According to HUD Notice H 2023-10/PIH 2023-27 2023-10hsgn, also known as the HOTMA Implementation Notice, HUD will annually publish the eight inflation-adjusted items below and the annual savings passbook rate no later than September 1 every year; updated values will be shared online at the HUDUser Website: 2026 HUD Inflation-Adjusted Values (Table 1): Effective January 1, 2026. The publication will apply to both Multifamily Housing (MFH) and Public and Indian Housing (PIH) programs. The revised amounts will be effective on January 1 of the following year.

The HOTMA Annual Adjustment Factor changes that are effective January 1, 2026, are as follows:

Annual Passbook Rate: The passbook savings rate will be 0.40 %. This will apply to both MFH and PIH programs. PHAs/MFH Owners must use the HUD-published passbook rate when calculating imputed asset income for net family assets that exceed $52,787.

Eligibility Restriction on Net Family Assets: Public housing units may not be leased to or provided rental assistance under Section 8 (tenant-based and project-based) programs if they have the assets listed below. Note: The asset limitations do not apply to HOME, HTF, RD or LIHTC households.

  1. The household’s net assets exceed $105,574 OR
  2. The household has a present ownership interest in real property. The property must be suitable for occupancy by the family as a residence.

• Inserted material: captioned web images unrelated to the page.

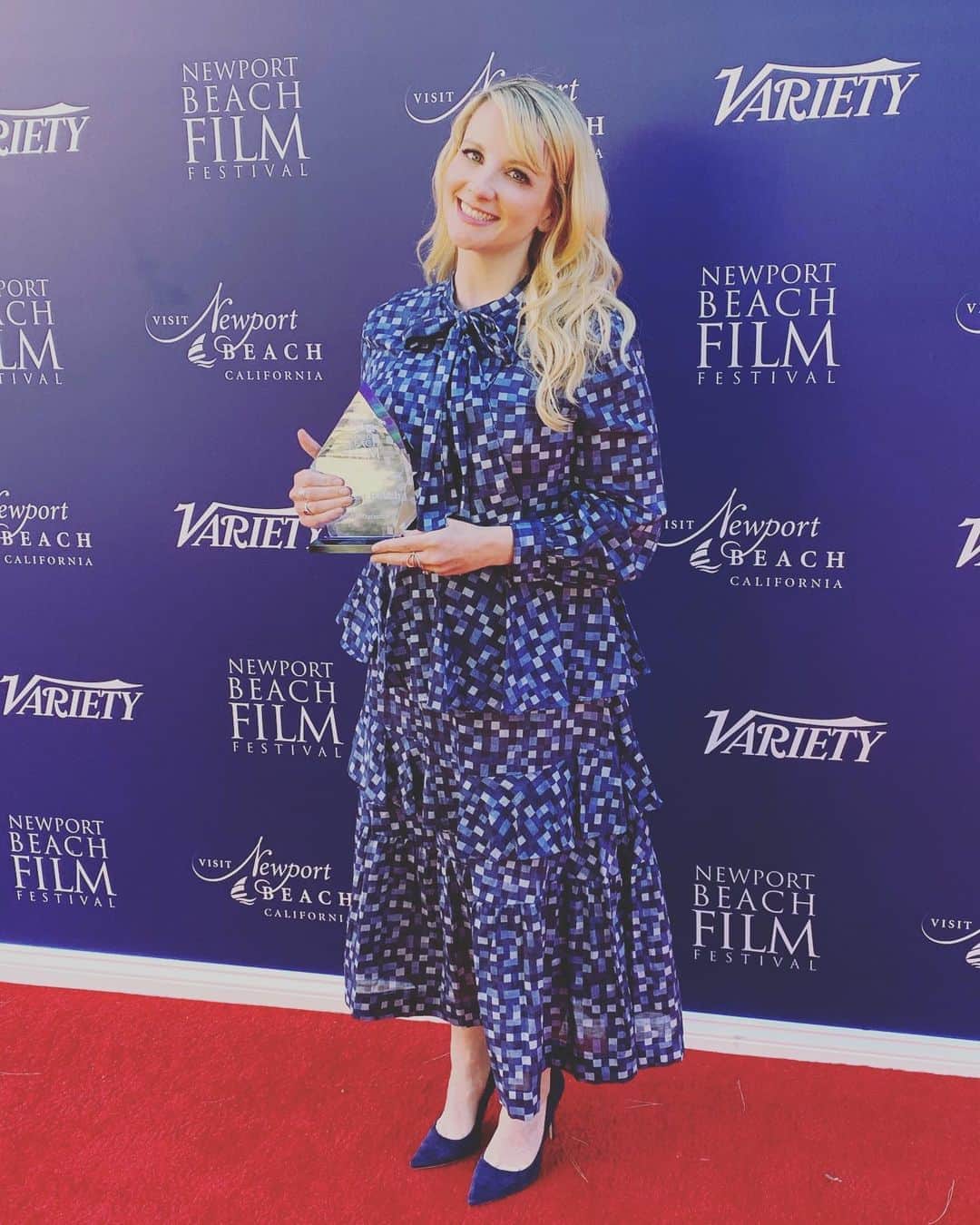 メリッサ・ラウシュのインスタグラム：「About last night....well, yesterday early afternoon actually. Thank you @newportbeachfilmfest and @variety for a lovely day. So honored to be one of your “Artists of Distinction” even though I can’t seem to properly hold an award like a normal human and I’m weirdly clutching it as if it is a genie lamp that an evil villain is trying to steal from me. Also big thanks to this wonderful crew: Hair: @dereksyuen  Makeup: @tifaniewhite  Styling: @cristinaehrlich @kevinmichaelericson  Dress: @warm_ny  Shoes: @schutzoficial  Hand placement: My natural awkwardness」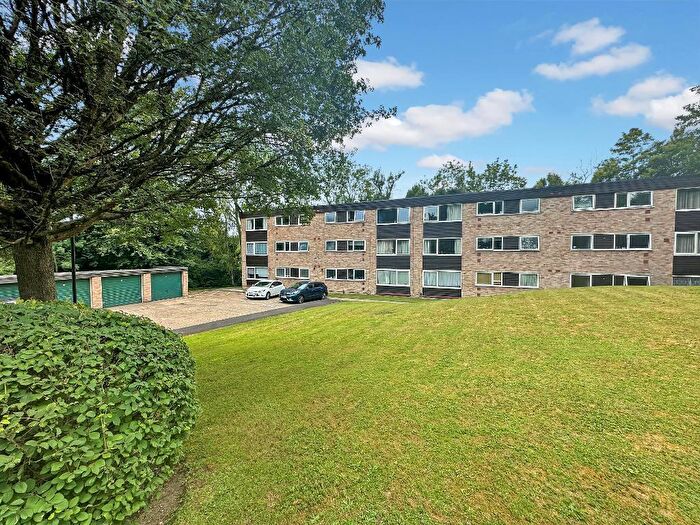 2 Bedroom Flat For Sale In Hawkhirst Way, Kenley, Surrey, CR8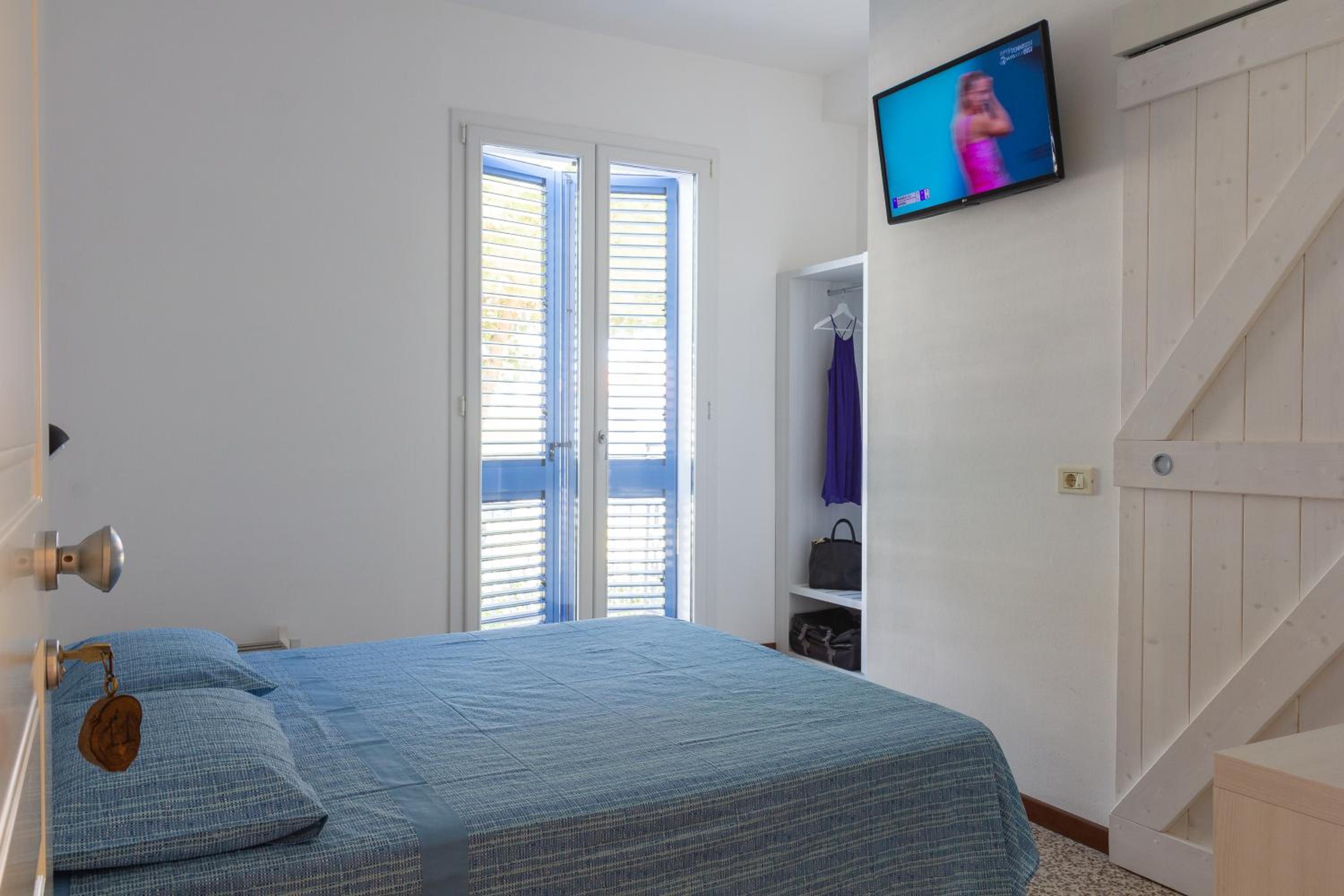Double or Twin Room photo 1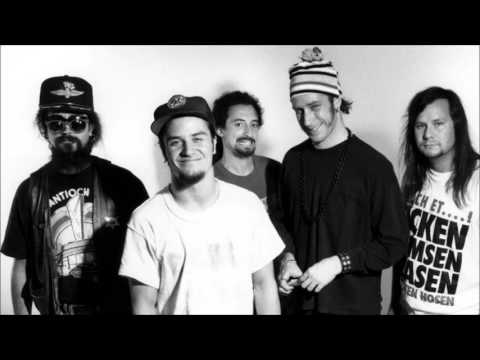 Giant Beastcast Ep. 50 - Vinny's Faith No More Story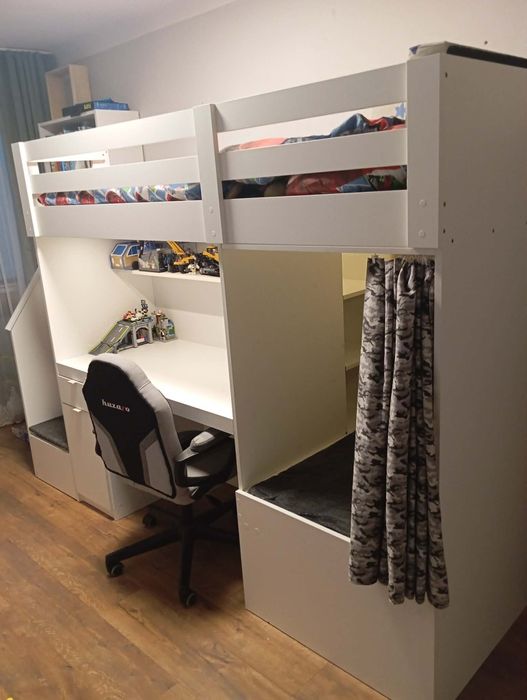 Łóżko piętrowe z biurkiem
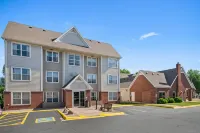 MainStay Suites Appleton Airport - Fox River Mall Area - parking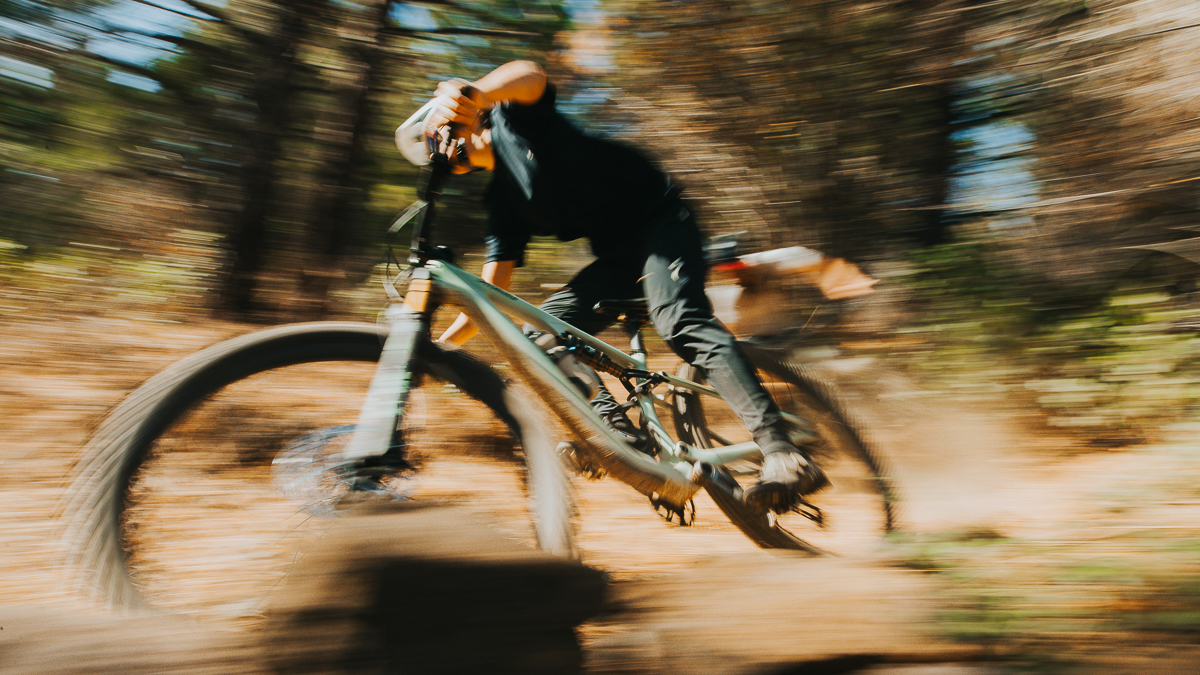 技术下放 带来更亲民的Power EVO Pro Mirror & Comp座垫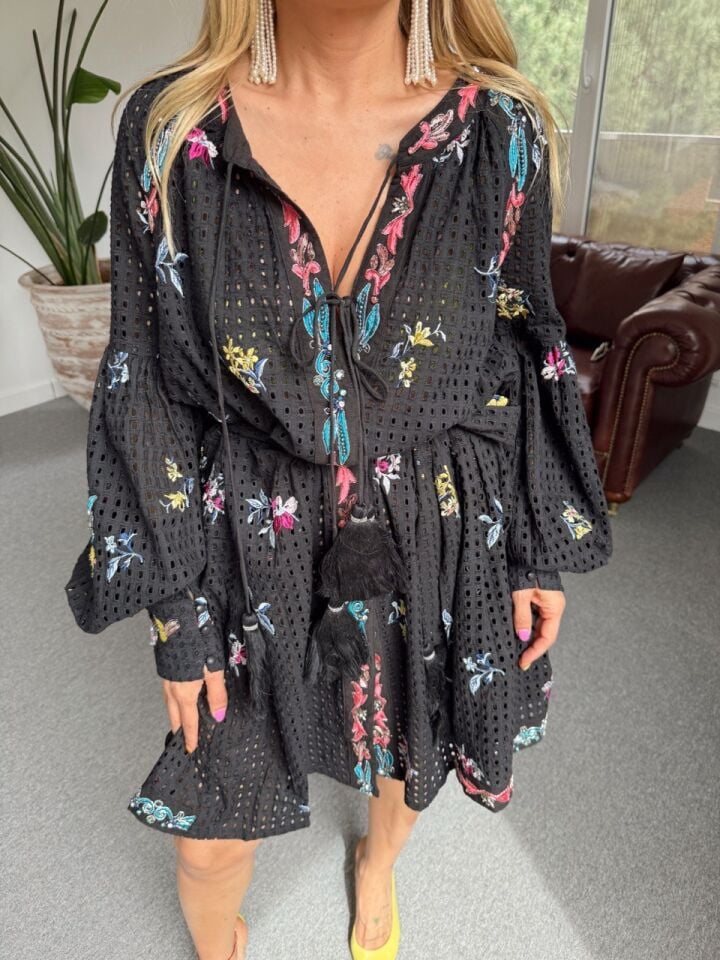 SİYAH NAKIŞ İŞLEMELİ FİSTO İTHAL ELBİSE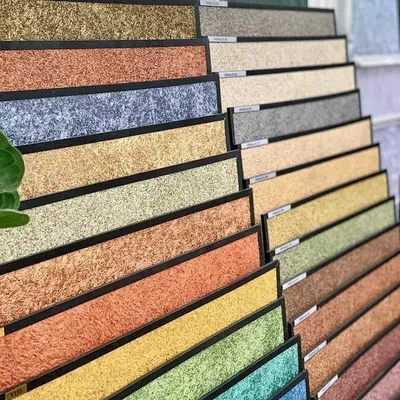 Бесшовные жидкие обои 😍 Популярный оттенок коллекции АртДизайн в зале ✨  Экологичный состав, отлично скрывают неровности стен. Более 600… | Instagram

They must have a legal right to reside in, and the legal authority to sell, based on State or local laws where the property is located.

Threshold Above Which Imputed Income Must Be Calculated on Net Family Assets: Imputed asset income is only calculated if the total of net family assets exceeds $52,787. When this is the case, income is imputed only on individual assets when income cannot be calculated for the specific asset.

Notice H2023/-10/PIH 2023-27, F.6.b. states “imputed asset income must be calculated for specific assets when three conditions are met:

  1. The value of net family assets exceeds $52,787;
  2. The specific asset is included in net family assets; and
  3. Actual asset income cannot be calculated for the specific asset.”

The Threshold Above Which the Total Value of Non-Necessary Personal Property Is Included in Net Family Assets: Items of personal property that do not qualify as necessary personal property will be classified as non-necessary personal property. Non-necessary personal property is excluded if total non-necessary personal property does not exceed $52,787. If total non-necessary personal property exceeds the threshold, the items of property are counted as assets. In either case, any income earned by the assets is counted. A final implication of exceeding the $52,787 threshold is that if any item of personal property has income that cannot be determined that asset will have asset income imputed at the passbook savings rate of 0.40%.

The Amount of Net Assets the PHA/MFH Owner May Accept Self-Certification by The Family: When the combined value of all net family assets has a total value of $52,787 or less, the Owner may allow the family to self-certify that their family net assets do not exceed $52,787. The amount of actual income the family expects to receive from assets must be listed on the self-certification, and this amount is to be included in the family’s income.

Note: HOME and HTF require two (2) months source documentation for verification of income at move-in and at every 6-year full recertification, except for TBRA and PBRA units. If a unit has Housing Trust Funding (HTF), the PHA/Administrator income determination must be utilized. If a unit has HOME funding, the Participating Jurisdiction (PJ) may choose to use the PHA/Administrator income determination (check with the property’s PJ for their requirements).

Mandatory Deduction for Elderly and Disabled Families: The elderly/disabled family deduction will increase from $525 to $550. Note: Not applicable to the LIHTC and HTF programs.

Mandatory Deduction for a Dependent: The dependent deduction will increase from $480 to $500. Note: Not applicable to the LIHTC and HTF programs.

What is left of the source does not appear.